Metadata-Version: 2.4
Name: pleonasty
Version: 0.4.2
Summary: A very simple abstraction for LLMs to get single responses to a given input.
Author-email: "Ryan L. Boyd" <ryan@ryanboyd.io>
Project-URL: Homepage, https://github.com/ryanboyd/pleonasty
Project-URL: Issues, https://github.com/ryanboyd/pleonasty/issues
Classifier: Programming Language :: Python :: 3
Classifier: License :: OSI Approved :: MIT License
Classifier: Operating System :: OS Independent
Requires-Python: >=3.10
Description-Content-Type: text/markdown
License-File: LICENSE
Requires-Dist: transformers>=4.40.0
Requires-Dist: torch>=2.0.0
Requires-Dist: accelerate>=0.26.0
Requires-Dist: json-repair>=0.30.0
Provides-Extra: quantization
Requires-Dist: bitsandbytes>=0.43.0; extra == "quantization"
Dynamic: license-file

# Pleonasty

Pleonasty is a Python library that makes it easy to apply a local open-weight LLM to large text datasets for batch annotation and analysis. Point it at a Hugging Face model, write a prompt, and get structured CSV output — one annotated row per text, with automatic token-based chunking for long documents.
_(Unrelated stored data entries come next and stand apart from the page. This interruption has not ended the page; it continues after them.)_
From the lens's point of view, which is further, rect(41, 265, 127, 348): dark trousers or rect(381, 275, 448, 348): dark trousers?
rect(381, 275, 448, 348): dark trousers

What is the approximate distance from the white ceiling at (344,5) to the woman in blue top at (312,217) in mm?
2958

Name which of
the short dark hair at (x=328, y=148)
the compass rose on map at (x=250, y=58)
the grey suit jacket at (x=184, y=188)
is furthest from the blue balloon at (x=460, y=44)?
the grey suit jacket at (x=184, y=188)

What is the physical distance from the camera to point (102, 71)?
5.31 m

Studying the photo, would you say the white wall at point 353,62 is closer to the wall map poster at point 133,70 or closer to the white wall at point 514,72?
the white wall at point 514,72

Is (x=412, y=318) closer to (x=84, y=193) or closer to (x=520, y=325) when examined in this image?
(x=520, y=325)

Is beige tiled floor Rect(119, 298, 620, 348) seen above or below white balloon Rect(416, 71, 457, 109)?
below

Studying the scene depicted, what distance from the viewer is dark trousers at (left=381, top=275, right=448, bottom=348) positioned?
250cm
It also includes a lightweight utility for parsing JSON fields out of LLM responses.

## Key Features

* **Batch annotation** — annotate large text datasets (CSV file or Python list) with a custom LLM prompt, results saved to CSV.
* **Token-based chunking** — long documents are automatically split into N-token chunks so they never overflow the context window.
* **JSON response parsing** — extract structured fields from LLM responses that return JSON objects, with automatic aggregation across chunks.
* **Chat mode** — interactive REPL for back-and-forth conversation with a loaded model.
* **Flexible model loading** — works with any Hugging Face causal LM; supports 4-bit quantization, multi-GPU, CPU offload, gated/private repos.
* **Cross-platform** — runs on Linux and Windows; no vLLM required.
* **CLI** — all major workflows available from the terminal after `pip install`.

## Installation

```bash
pip install pleonasty
```

To enable 4-bit quantization (recommended when you have a GPU):

```bash
pip install pleonasty[quantization]   # installs bitsandbytes
```

### Requirements

* Python 3.10+
* PyTorch 2.0+ (with CUDA for GPU inference)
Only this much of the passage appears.